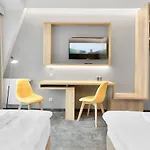 Ozone 3*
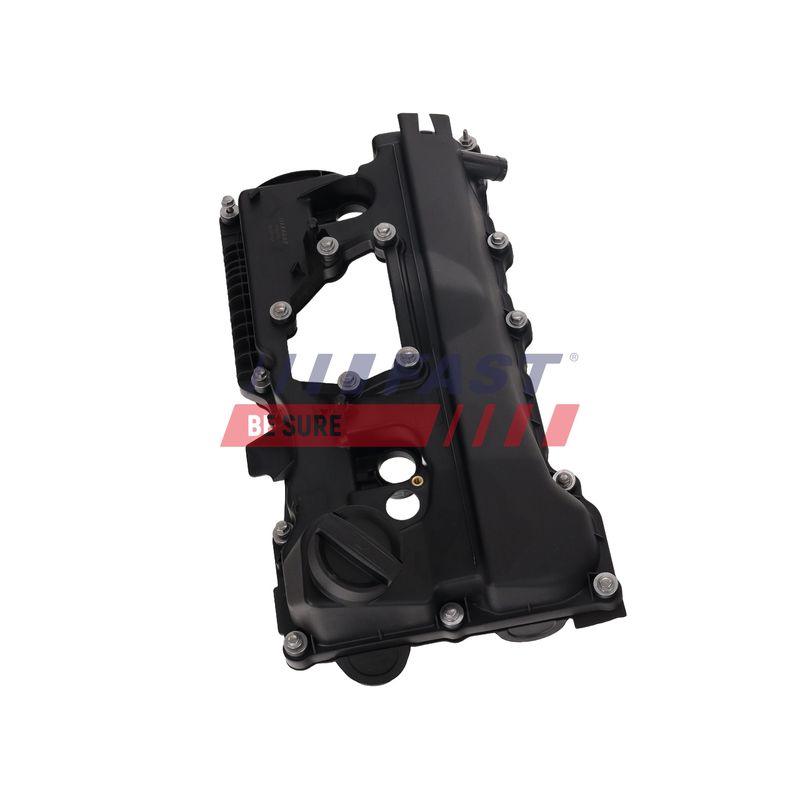 FAST FT00570 Cylinder Head Cover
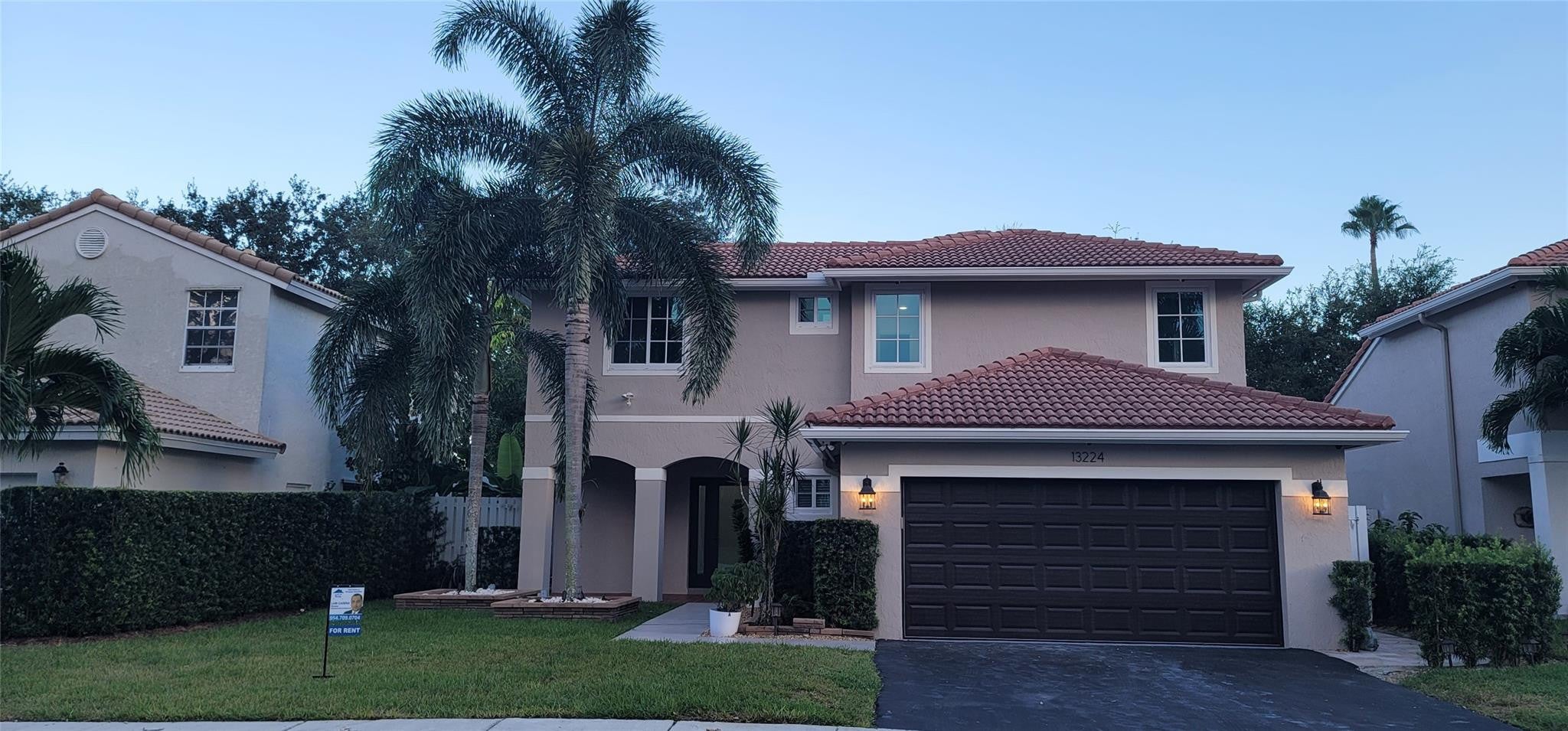 13224 NW 12th Court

- - -

Would you output the listing above verbatim, without its pictures?

 Ozone 3*
 FAST FT00570 Cylinder Head Cover
 13224 NW 12th Court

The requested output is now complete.